• _About this task_: Beginning at the top of the entries below, retype each line exactly until the line containing "925 Sterling Silver" has been written out; include no pictures and no later lines.

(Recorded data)
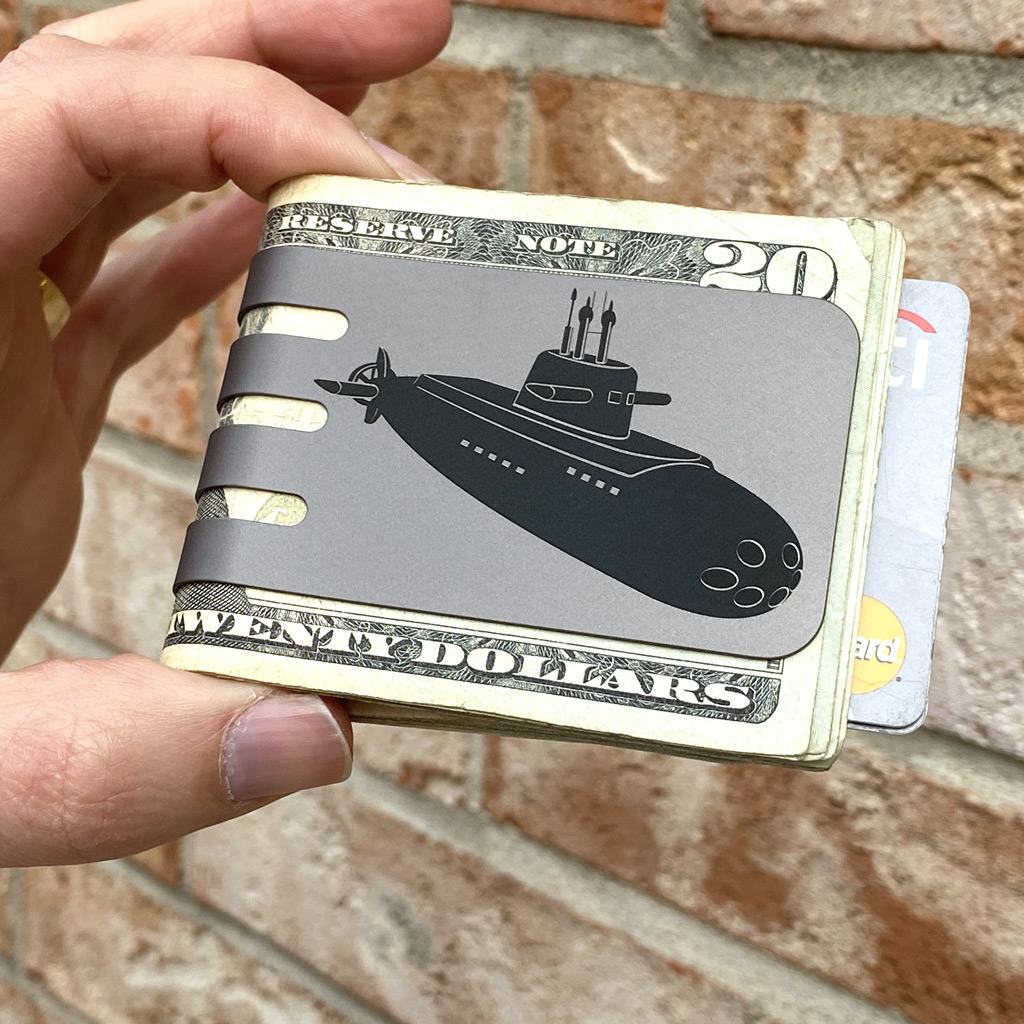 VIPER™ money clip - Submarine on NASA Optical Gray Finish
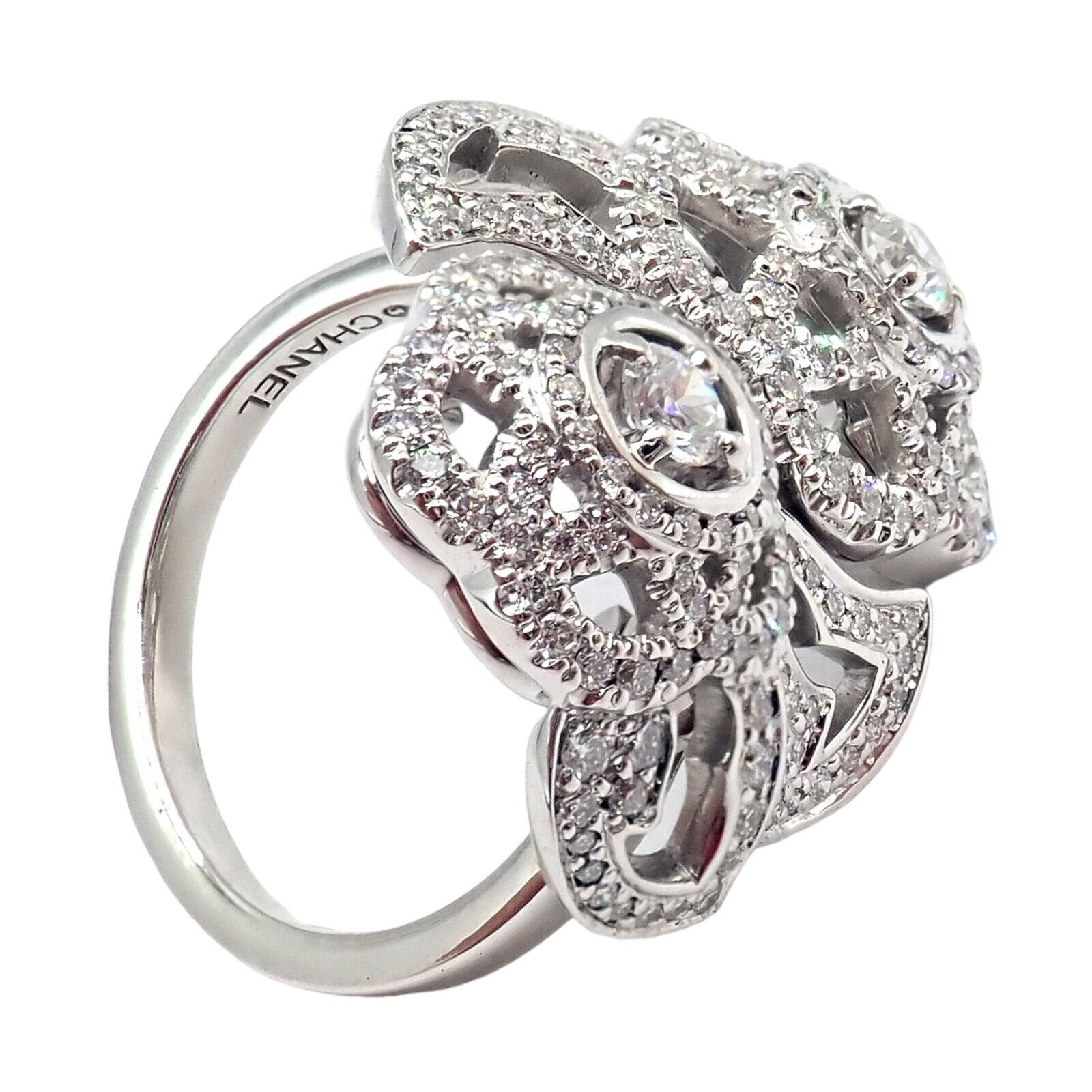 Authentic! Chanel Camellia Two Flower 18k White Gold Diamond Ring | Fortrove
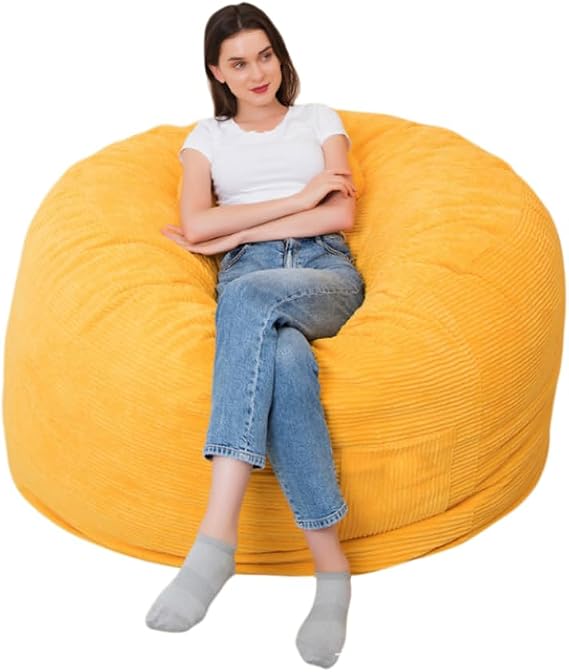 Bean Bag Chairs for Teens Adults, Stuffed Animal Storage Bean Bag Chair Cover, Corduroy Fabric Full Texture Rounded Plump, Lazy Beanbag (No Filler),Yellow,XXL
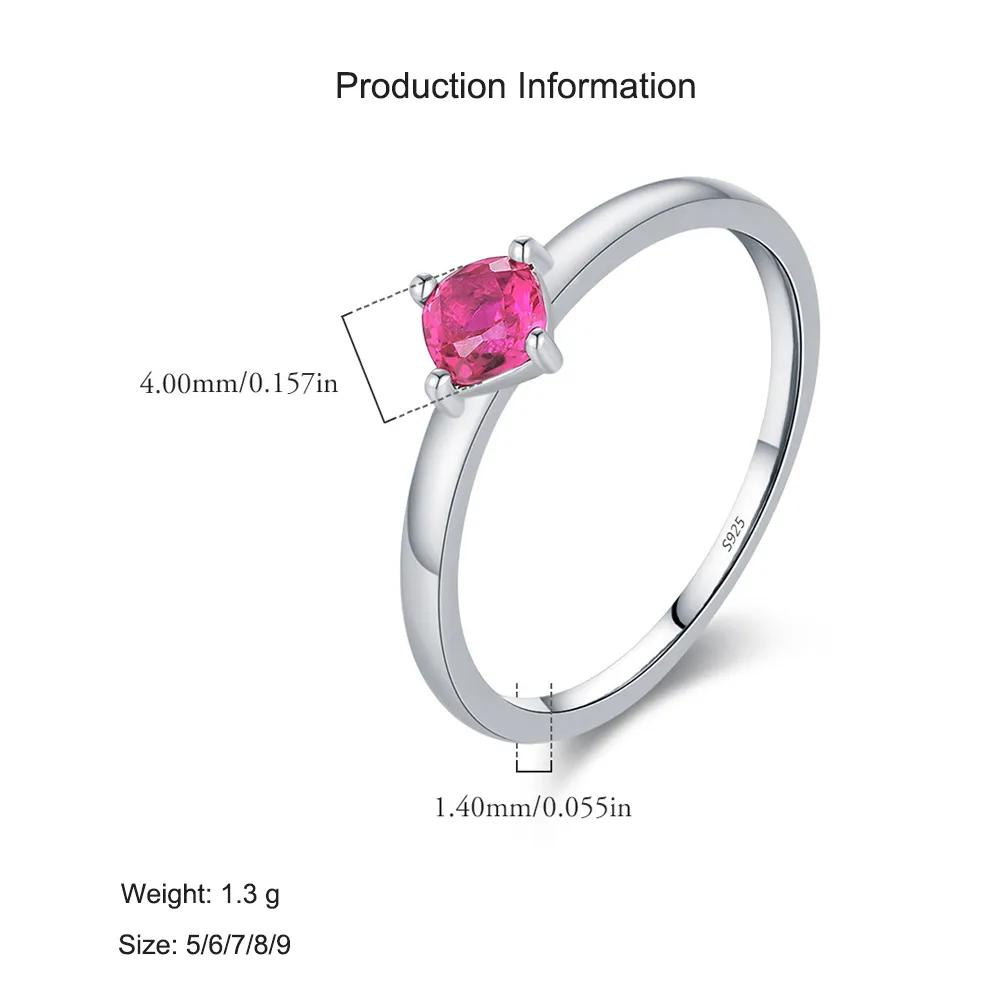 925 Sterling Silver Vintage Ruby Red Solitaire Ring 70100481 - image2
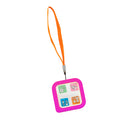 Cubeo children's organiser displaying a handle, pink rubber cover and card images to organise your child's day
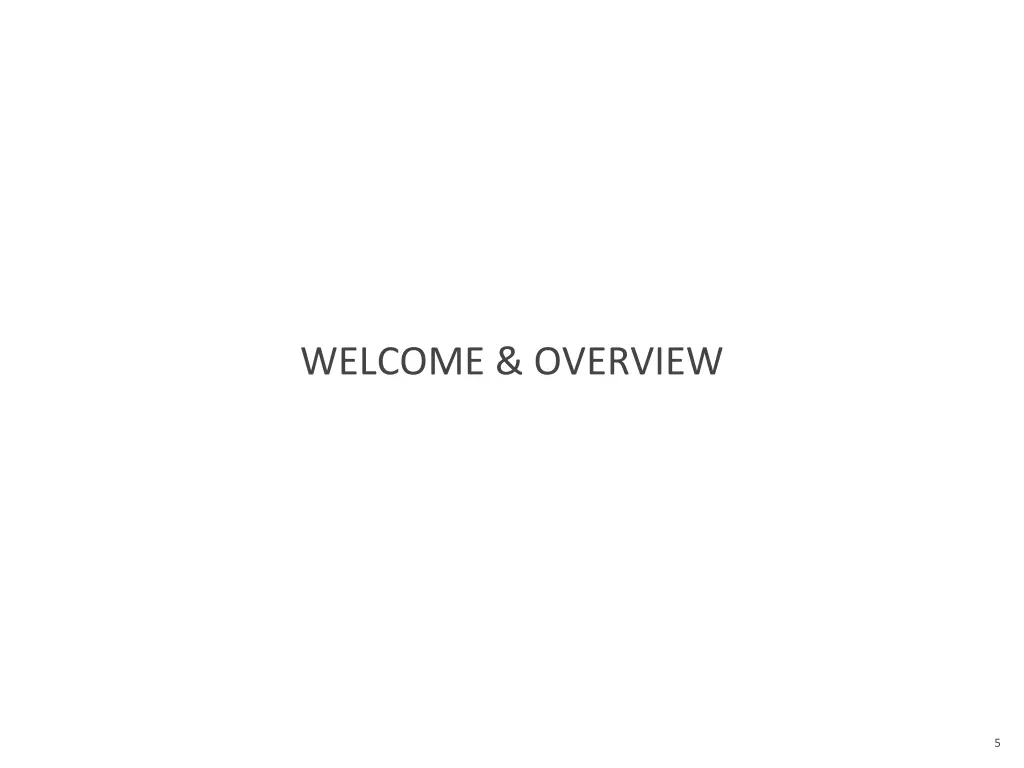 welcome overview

• _Task answer_:
 VIPER™ money clip - Submarine on NASA Optical Gray Finish
 Authentic! Chanel Camellia Two Flower 18k White Gold Diamond Ring | Fortrove
 Bean Bag Chairs for Teens Adults, Stuffed Animal Storage Bean Bag Chair Cover, Corduroy Fabric Full Texture Rounded Plump, Lazy Beanbag (No Filler),Yellow,XXL
 925 Sterling Silver Vintage Ruby Red Solitaire Ring 70100481 - image2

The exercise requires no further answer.